Military camp in East Sussex, England

Crowborough Training Camp is a military training camp located near the town of Crowborough in East Sussex, England, owned by and operated by the Defence Infrastructure Organisation on behalf of the UK Ministry of Defence. It consists of various facilities such as accommodation, ranges, and associated training area. Its sits within the wider footprint of the Cinque Ports Training Area (CPTA) within the South East England.

== History ==
The area surrounding Crowborough Town and the Ashdown Forrest were acquired by the War Office during the First World War. The Canadian Army established the Machine Gun School there during the war.

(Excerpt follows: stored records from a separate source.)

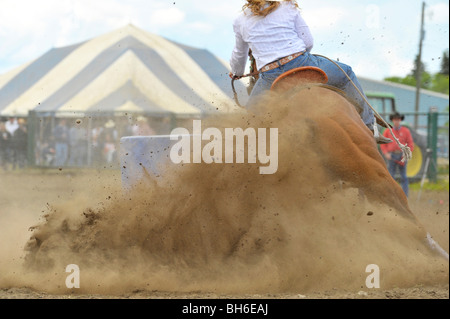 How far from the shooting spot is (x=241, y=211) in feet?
12.4

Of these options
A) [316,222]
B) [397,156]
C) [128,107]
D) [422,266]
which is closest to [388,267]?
[422,266]

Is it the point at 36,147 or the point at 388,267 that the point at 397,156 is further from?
the point at 36,147

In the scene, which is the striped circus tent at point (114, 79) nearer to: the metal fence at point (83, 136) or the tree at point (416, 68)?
the metal fence at point (83, 136)

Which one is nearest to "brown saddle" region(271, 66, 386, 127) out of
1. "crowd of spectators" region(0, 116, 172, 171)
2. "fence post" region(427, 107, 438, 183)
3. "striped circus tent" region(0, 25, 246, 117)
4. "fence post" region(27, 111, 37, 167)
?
"fence post" region(427, 107, 438, 183)

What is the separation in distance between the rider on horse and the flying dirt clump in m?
0.23

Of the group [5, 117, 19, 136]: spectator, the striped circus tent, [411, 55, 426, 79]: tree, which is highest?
the striped circus tent

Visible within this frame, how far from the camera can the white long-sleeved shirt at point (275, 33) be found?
3965 millimetres

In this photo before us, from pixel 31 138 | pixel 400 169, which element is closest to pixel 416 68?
pixel 400 169

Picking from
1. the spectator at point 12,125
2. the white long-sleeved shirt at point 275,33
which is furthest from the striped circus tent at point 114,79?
the white long-sleeved shirt at point 275,33

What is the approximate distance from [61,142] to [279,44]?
1531 centimetres

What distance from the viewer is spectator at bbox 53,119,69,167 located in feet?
58.3

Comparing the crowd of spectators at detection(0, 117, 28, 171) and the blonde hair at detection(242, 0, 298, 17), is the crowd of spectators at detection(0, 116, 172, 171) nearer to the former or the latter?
the crowd of spectators at detection(0, 117, 28, 171)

The areas around Crowborough Camp were used extensively by various military units to accommodate and provide training prior to the Normandy landings in June 1944 during the Second World War. There was a direct hit from a German V-1 flying bomb near to the camp, killing a number of troops, in July 1944.

During the COVID-19 pandemic the UK Government selected Crowborough from several sites to use as a quarantine facility for British troops deploying and returning from operations.

In 2024, the camp was used as a processing facility to accommodate people as part of the Afghan Relocations and Assistance Policy.

In October 2025, the UK Government announced that Crowborough Training Camp would be one of two military sites repurposed to provide temporary accommodation for asylum seekers and that around 900 men would be distributed between these sites.

== Current use ==
The camp hosts the ACF, ATC and Royal Marines Cadets. Units undertake training in Ashdown Forest and the nearby Pippingford Park. The area is also used for events such as mud runs, driving events and festivals.